_Directions_
Write out word for word the lines from the one holding "Diş tedavisi hayatını" through the end of the data, and only those lines. Pictures stay out.
*-*-*
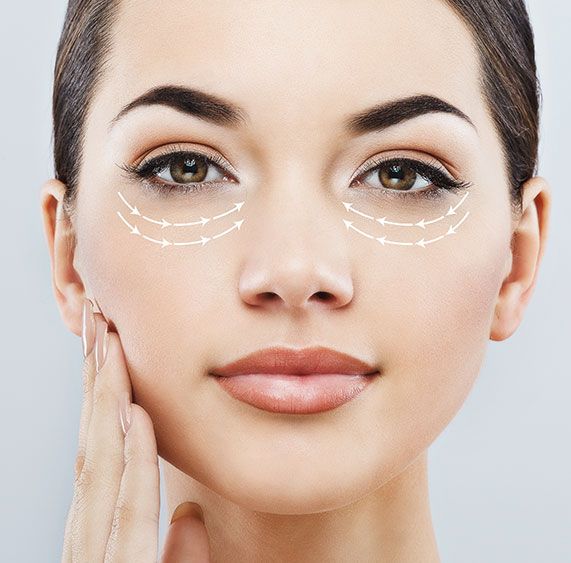 Eyelid Surgery Patient Photos - Long Island, NY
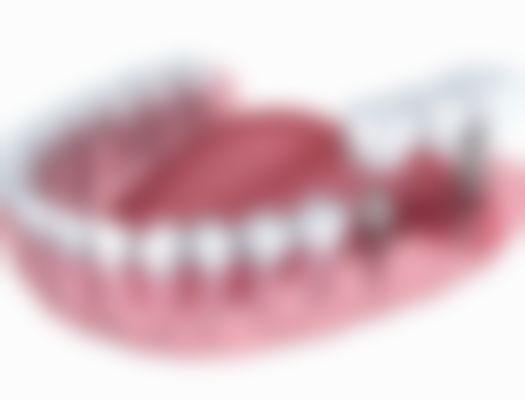 四、杭州维佳康口腔湖墅南路诊所特色项目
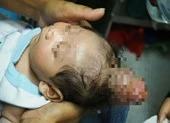 Cậu bé mọc 'sừng' trên đầu như kỳ lân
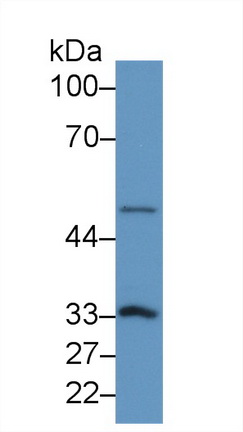 14774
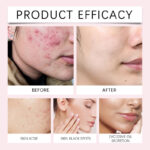 EELHOE Kojiczuur en kurkuma reinigingspads – Beauty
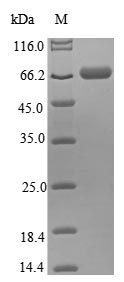 (Tris-Glycine gel) Discontinuous SDS-PAGE (reduced) with 5% enrichment gel and 15% separation gel. (Tris-Glycine gel) Discontinuous SDS-PAGE (reduced) with 5% enrichment gel and 15% separation gel.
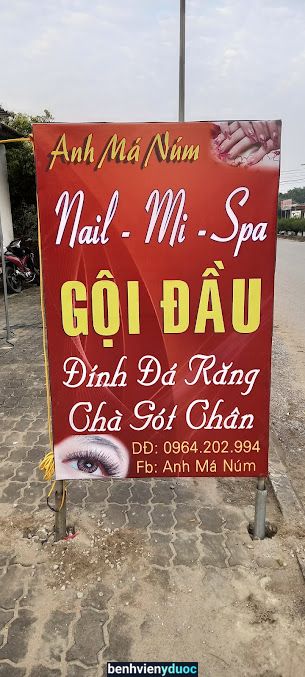 Anh má núm Spa Hải Hậu Nam Định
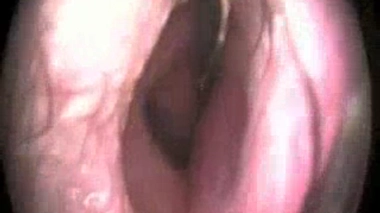 Attention, ces images médicales peuvent être choquantes. Vidéo : Examen endoscopique du patient brésilien (source - NEJM / crédits - A.F.B. Marco & M.D Baptista) - Illustration : une larve de Lucilie bouchère (cliché : John Kucharski, USDA, 2006)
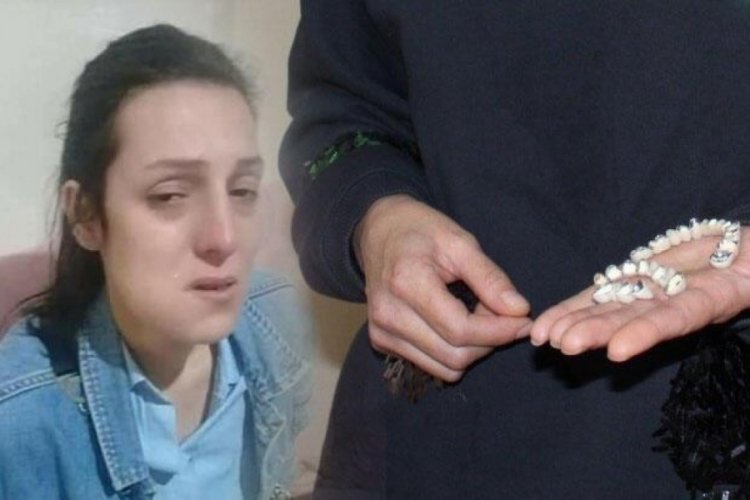Diş tedavisi hayatını cehenneme &ccedil;evirdi!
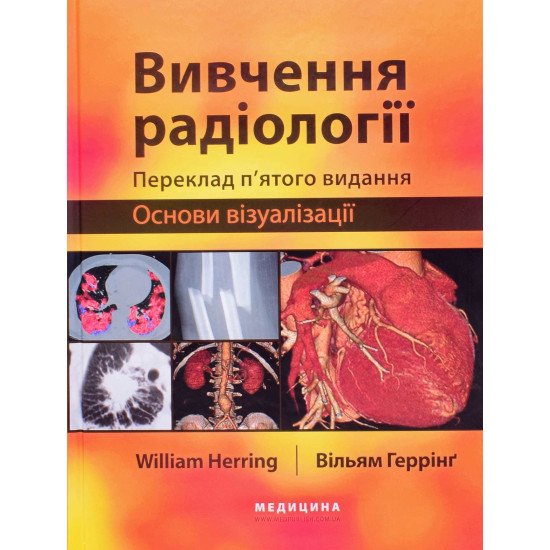 Вивчення радіології: основи візуалізації - №1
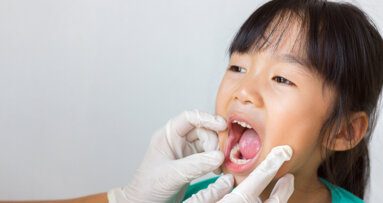 Sealed primary molars reduce caries risk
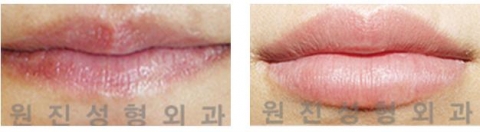 “도톰한 입술은 섹시함과 동안의 조건”
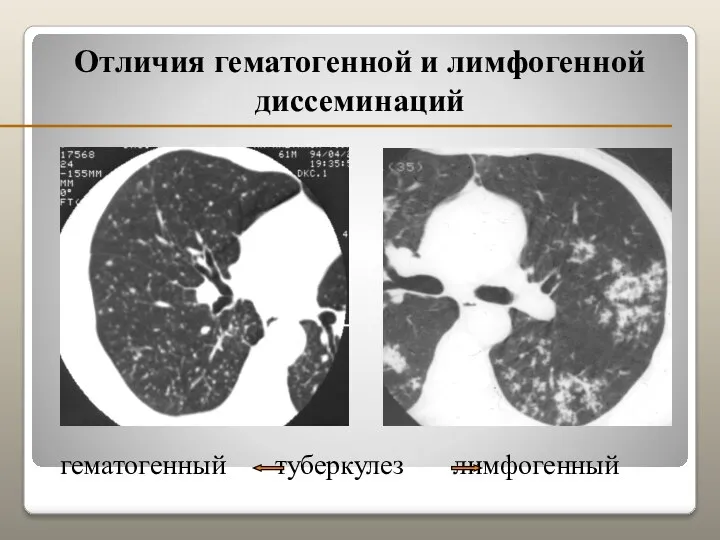 Отличия гематогенной и лимфогенной диссеминаций гематогенный туберкулез лимфогенный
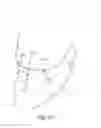 Fig. 49 - Methods, systems and devices for non-invasive open ventilation for treating airway obstructions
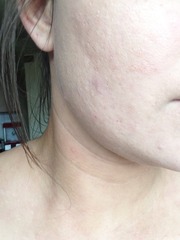 foundation for very dry-psoriasis skin. (photos)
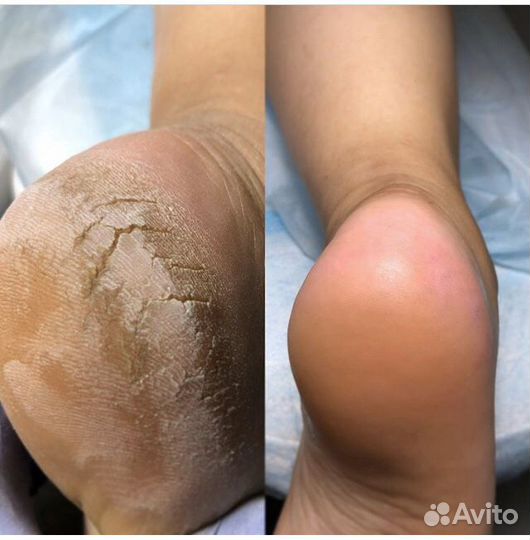 Smart педикюр ламинирование ресниц. звоните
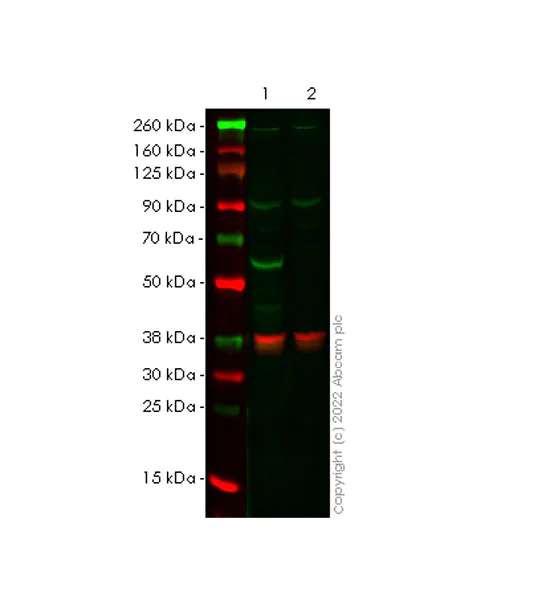 Western blot - Anti-RIP2 antibody [EPR26079-37] - BSA and Azide free (AB303555)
*-*-*
_Solution_
Diş tedavisi hayatını cehenneme &ccedil;evirdi!
 Вивчення радіології: основи візуалізації - №1
 Sealed primary molars reduce caries risk
 “도톰한 입술은 섹시함과 동안의 조건”
 Отличия гематогенной и лимфогенной диссеминаций гематогенный туберкулез лимфогенный
 Fig. 49 - Methods, systems and devices for non-invasive open ventilation for treating airway obstructions
 foundation for very dry-psoriasis skin. (photos)
 Smart педикюр ламинирование ресниц. звоните
 Western blot - Anti-RIP2 antibody [EPR26079-37] - BSA and Azide free (AB303555)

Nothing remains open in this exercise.